§ Record extracts
################

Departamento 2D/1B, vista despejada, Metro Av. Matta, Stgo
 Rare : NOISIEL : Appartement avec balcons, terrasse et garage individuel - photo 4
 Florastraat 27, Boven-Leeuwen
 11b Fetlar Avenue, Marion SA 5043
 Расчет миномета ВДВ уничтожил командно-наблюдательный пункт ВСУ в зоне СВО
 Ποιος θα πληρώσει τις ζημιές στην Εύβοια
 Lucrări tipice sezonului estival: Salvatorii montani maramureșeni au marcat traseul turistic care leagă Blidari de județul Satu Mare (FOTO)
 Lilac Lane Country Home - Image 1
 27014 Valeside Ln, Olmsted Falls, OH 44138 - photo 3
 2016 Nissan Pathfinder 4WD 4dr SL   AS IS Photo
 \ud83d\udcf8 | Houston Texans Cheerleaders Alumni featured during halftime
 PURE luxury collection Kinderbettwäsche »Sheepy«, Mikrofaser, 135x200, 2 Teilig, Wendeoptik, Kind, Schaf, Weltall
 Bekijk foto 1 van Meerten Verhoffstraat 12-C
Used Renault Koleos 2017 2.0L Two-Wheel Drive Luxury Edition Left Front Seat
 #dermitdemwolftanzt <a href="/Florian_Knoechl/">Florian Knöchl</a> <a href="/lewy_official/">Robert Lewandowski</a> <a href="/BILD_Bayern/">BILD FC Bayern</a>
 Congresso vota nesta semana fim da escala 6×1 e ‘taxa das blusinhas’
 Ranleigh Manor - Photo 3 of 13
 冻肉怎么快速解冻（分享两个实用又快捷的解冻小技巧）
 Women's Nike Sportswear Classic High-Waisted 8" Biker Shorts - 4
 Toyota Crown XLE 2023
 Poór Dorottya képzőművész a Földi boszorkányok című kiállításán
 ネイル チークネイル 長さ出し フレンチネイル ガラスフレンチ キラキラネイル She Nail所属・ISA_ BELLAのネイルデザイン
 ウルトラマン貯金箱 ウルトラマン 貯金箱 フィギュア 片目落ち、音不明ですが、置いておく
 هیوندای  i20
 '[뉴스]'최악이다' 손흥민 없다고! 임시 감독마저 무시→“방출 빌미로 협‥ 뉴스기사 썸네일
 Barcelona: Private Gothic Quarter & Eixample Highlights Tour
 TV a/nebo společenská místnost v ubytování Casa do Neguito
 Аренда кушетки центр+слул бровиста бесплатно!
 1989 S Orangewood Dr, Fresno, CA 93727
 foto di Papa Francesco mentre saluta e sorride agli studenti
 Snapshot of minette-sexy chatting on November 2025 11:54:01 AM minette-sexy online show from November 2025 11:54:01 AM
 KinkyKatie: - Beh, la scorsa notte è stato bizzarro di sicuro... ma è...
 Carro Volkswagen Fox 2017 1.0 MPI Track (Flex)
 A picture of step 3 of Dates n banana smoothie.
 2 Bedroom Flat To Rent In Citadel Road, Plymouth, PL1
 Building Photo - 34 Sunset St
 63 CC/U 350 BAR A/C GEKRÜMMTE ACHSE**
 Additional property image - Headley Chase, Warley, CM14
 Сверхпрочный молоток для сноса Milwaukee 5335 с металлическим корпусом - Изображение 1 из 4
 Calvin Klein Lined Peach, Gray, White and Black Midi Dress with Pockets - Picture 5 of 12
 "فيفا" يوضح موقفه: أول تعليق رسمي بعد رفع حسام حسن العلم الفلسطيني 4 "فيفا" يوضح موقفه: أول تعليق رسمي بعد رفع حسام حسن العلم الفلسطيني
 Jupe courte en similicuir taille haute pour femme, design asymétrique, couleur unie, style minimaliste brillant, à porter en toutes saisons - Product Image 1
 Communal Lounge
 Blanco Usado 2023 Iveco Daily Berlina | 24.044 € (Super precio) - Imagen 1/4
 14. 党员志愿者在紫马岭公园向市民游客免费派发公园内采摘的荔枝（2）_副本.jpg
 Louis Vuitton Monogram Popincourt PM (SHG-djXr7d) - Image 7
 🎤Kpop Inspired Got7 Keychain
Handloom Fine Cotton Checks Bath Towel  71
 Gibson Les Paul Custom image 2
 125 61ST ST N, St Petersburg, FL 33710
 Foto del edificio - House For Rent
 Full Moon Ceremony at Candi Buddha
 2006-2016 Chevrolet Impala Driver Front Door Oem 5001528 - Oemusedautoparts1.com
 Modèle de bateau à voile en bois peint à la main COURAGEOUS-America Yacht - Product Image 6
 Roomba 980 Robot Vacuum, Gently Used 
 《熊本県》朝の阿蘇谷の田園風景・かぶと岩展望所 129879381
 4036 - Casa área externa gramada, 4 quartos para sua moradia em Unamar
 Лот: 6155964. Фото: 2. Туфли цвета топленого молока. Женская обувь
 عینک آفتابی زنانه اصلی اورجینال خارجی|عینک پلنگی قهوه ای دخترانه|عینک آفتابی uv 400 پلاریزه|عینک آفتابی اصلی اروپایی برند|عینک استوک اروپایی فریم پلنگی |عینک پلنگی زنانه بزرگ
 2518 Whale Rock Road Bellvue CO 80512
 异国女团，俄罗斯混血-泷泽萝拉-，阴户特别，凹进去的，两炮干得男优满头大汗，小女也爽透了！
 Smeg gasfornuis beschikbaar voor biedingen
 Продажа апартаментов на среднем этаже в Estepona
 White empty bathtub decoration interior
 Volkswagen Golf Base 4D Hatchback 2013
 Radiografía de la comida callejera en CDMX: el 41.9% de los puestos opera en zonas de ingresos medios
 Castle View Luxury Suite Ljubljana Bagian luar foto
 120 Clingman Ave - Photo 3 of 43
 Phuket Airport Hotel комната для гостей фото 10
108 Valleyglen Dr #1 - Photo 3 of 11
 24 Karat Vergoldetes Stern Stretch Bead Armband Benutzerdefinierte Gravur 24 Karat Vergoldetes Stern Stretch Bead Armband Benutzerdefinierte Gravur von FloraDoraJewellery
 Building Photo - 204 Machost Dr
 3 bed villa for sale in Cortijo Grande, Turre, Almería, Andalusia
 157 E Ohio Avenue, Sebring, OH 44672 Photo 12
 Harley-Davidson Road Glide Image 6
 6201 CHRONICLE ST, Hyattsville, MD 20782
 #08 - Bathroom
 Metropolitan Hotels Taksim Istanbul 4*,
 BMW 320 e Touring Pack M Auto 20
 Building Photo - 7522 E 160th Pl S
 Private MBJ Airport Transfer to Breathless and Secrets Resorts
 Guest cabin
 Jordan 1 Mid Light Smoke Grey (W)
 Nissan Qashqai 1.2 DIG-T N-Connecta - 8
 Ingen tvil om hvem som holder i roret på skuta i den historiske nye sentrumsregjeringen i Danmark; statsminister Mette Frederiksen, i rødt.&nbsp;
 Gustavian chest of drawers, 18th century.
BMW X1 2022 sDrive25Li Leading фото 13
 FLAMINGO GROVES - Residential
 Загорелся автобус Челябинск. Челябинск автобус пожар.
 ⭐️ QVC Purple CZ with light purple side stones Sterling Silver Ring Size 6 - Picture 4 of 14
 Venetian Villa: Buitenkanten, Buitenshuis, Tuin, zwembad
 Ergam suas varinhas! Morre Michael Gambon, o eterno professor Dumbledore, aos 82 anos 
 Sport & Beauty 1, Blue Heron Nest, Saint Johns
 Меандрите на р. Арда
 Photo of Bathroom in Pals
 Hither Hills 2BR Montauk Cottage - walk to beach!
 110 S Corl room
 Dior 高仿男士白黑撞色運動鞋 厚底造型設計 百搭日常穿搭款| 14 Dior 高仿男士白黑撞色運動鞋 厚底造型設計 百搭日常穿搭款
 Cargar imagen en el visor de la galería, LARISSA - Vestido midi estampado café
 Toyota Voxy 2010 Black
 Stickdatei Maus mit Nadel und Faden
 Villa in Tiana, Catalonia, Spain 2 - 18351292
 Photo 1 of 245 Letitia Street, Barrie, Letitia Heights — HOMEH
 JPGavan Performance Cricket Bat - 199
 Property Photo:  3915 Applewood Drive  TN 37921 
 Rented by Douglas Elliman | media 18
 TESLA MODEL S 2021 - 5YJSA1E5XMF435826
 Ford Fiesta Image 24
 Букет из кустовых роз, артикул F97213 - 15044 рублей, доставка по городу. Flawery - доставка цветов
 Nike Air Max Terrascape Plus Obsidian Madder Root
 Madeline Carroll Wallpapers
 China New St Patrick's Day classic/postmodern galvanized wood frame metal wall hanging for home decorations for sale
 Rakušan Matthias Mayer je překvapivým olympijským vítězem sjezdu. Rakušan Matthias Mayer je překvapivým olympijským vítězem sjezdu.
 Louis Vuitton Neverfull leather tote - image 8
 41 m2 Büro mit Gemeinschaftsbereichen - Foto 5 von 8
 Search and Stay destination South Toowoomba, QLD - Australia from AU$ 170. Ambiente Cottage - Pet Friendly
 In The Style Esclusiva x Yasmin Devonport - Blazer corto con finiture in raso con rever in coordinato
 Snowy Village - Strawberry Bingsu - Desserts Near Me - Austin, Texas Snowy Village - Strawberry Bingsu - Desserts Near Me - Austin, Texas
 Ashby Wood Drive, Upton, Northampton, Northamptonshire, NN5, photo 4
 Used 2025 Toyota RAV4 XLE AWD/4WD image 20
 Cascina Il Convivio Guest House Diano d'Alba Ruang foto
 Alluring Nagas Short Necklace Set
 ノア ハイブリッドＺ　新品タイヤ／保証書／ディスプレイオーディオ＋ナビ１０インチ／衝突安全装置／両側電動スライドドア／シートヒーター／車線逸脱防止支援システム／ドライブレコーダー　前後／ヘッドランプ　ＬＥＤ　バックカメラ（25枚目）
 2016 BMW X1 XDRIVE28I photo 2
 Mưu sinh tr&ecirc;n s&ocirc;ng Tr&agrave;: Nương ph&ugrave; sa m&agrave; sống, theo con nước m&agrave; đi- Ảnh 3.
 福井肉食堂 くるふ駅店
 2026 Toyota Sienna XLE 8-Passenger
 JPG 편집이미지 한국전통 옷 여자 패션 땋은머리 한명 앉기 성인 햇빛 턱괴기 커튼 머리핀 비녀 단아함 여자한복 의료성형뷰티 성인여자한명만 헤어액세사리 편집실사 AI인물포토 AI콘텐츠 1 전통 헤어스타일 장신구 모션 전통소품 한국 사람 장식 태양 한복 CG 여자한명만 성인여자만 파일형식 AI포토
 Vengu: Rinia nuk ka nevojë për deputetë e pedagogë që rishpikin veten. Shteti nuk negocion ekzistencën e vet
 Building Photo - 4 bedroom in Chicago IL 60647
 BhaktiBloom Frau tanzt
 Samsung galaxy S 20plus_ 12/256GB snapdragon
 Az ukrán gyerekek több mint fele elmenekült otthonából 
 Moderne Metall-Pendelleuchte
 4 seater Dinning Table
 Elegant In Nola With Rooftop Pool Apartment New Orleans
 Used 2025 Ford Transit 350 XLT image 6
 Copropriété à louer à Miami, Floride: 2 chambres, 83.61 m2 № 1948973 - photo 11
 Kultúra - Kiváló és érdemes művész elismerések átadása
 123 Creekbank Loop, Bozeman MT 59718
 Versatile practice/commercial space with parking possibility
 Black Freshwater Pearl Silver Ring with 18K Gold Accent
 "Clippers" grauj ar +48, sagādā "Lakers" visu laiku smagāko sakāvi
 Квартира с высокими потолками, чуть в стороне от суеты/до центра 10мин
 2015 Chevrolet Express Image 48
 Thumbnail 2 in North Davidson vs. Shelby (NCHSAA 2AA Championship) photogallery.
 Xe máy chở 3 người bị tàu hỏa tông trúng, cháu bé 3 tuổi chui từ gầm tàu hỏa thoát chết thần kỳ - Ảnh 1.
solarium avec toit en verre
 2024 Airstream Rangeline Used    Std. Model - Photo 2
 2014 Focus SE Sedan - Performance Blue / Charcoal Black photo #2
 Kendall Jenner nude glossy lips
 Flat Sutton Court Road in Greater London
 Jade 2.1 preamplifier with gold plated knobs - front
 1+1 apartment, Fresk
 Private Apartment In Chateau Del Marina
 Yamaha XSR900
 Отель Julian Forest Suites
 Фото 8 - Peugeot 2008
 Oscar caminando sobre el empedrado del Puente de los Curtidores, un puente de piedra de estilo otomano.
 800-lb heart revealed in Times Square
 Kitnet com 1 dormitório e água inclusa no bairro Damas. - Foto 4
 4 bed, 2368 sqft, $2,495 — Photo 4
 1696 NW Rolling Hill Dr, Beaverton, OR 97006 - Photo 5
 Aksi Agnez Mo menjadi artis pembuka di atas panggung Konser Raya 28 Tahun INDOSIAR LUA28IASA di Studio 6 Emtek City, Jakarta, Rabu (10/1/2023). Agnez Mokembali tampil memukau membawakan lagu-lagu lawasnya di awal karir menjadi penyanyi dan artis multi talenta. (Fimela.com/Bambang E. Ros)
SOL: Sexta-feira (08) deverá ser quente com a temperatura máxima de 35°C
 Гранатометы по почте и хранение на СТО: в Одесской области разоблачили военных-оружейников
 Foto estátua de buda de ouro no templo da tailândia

################

§ Work to be completed
Send back an exact copy of only the lines from the line with "Building Photo - 4" up to and including the line with "Used 2025 Ford Transit 350 XLT image 6" in the data above.

§ Solution to this exercise
 Building Photo - 4 bedroom in Chicago IL 60647
 BhaktiBloom Frau tanzt
 Samsung galaxy S 20plus_ 12/256GB snapdragon
 Az ukrán gyerekek több mint fele elmenekült otthonából 
 Moderne Metall-Pendelleuchte
 4 seater Dinning Table
 Elegant In Nola With Rooftop Pool Apartment New Orleans
 Used 2025 Ford Transit 350 XLT image 6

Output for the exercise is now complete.